## Geometric View of Probability Theory

__Random variable (function)__: given an experiment with sample space $S$, a random variable function is a function from the sample space $S$ to the real numbers $R$. It is common, but not required, to denote random variables by capital letters. 

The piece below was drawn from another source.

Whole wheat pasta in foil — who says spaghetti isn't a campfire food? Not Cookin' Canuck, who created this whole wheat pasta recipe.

One way to think about probability is as a new number concept that allows you to tackle problems that have a special kind of uncertainty built into them. Thus, the key idea is that there is some number, say $x$, with a traveling companion, say, $f(x)$, and this companion represents the uncertainties about the value of x as if looking at the number x through a frosted window. The degree of opacity of the window is represented by $f(x)$. If we want to manipulate x, then we have to figure out what to do with f (x). For example if we want y = 2x, then we have to understand how $f(x)$ generates $f(y)$.

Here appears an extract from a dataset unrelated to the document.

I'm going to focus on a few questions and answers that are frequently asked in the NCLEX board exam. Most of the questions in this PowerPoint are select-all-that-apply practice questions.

Let us consider the following piecewise funtion:

$f(x) = \begin{cases}
1 & 0 < x \leq 1 \\
2 & 1 < x \leq 2 \\
0 & \ \text{otherwise} \end{cases}$


To compute the integral, we do:
$$\int_0^2 f d \mu = 1 \mu (\{(0, 1]\}) + 2 \mu (\{(1, 2]\})$$

By introducing the $\mu$ function as a way of measuring the intervals above, we have introduced another degree of freedom in our integration. 

Unfortunately, the term random variable is not very descriptive. A better term is __measurable function__. The measurable function maps a set into a number on the real line. For example, $\{1\} \to  1$ is one such function.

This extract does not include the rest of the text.